Ce n'est pas amoindrir les réalisations de Warburg que de faire allu­sion à des initiatives comparables, antérieures ou simultanées à la sienne, pour donner une base scientifique à l'histoire de l'art. C'est une initiative privée d'August Schmarsow qui avait donné le jour à l'Institut d'histoire de l'art à Florence ; sa fondation fut décidée en 1893 lors d'un congrès, et l'Empire allemand lui apporta son soutien à partir de 1903. L'Institut historique prussien à Rome avait un département d'histoire de l'art qui, de 1906 à 1915 environ, encouragea les recherches d'Arthur Haseloff sur l'architecture du style des Staufen en Italie du Sud. Cela n'empêcha pas la Colonaise Henriette Hertz d'installer dans le Palazzo Zuccari, que lui avait offert en 1904 le principal représentant de l'industrie de l'ammo­niaque et de la soude, une bibliothèque d'histoire de l'art qui fut financée par des investissements de la même entreprise et donnée en 1913 à la Société de l'empereur Guillaume. Une année plus tard, Warburg songea pour la première fois à l'institutionnalisation de sa bibliothèque2.

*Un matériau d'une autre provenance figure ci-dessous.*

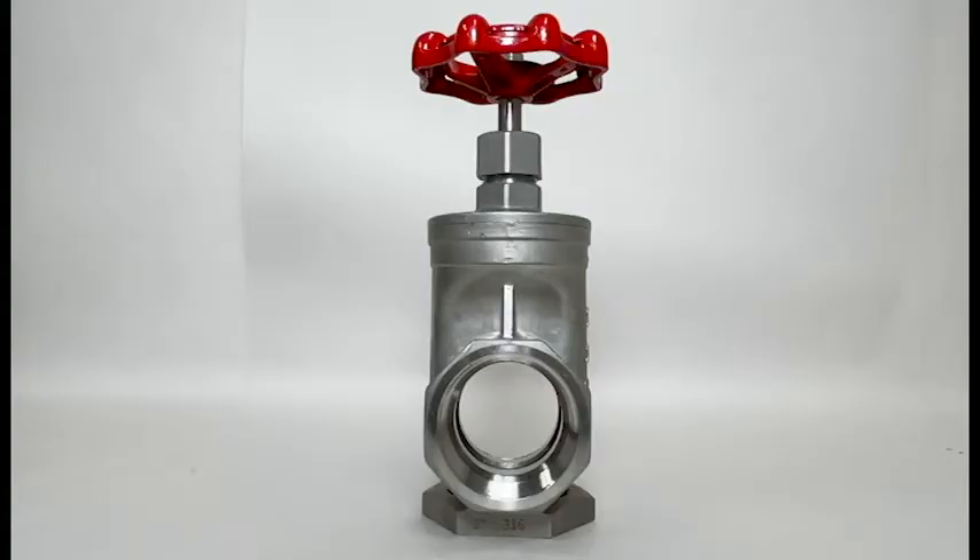Gate valves are often used when minimum pressure loss in the flow path is needed. When fully open, a typical gate valve has no obstruction in the flow path, resulting in very low pressure loss, and this design makes it possible to use a pipe cleaning pick. A gate valve is a multi-turn valve, meaning operation is done by means of a threaded stem. As the valve must turn multiple times to go from open to closed position, the slow operation also prevents water hammer effects.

Mais d'autres initiatives privées ont aussi marqué le climat dans lequel l'initiative de Warburg a pu s'épanouir. Il n'était pas rare que leurs instigateurs répondent eux aussi aux caractéristiques du privat-gelehrter. Deux hommes du même âge que Warburg, Ulrich Thieme et Karl G. E. F. Becker, ont créé à Leipzig les conditions techniques et structurelles permettant d'attirer d'innombrables experts, y compris en provenance d'autres pays, afin d'établir une œuvre en 36 volumes, le Dic­tionnaire universel des artistes, depuis l'Antiquité jusqu'à nos jours — la science allemande produisit ainsi une œuvre de référence dont on ne peut tou­jours pas se passer aujourd'hui, où que ce soit dans le monde. Mais les

1. Livre de copie, vol. IV, p. 275, dans la pièce Warburg du Warburg Institute London, m'a été transmis par Michael Diers.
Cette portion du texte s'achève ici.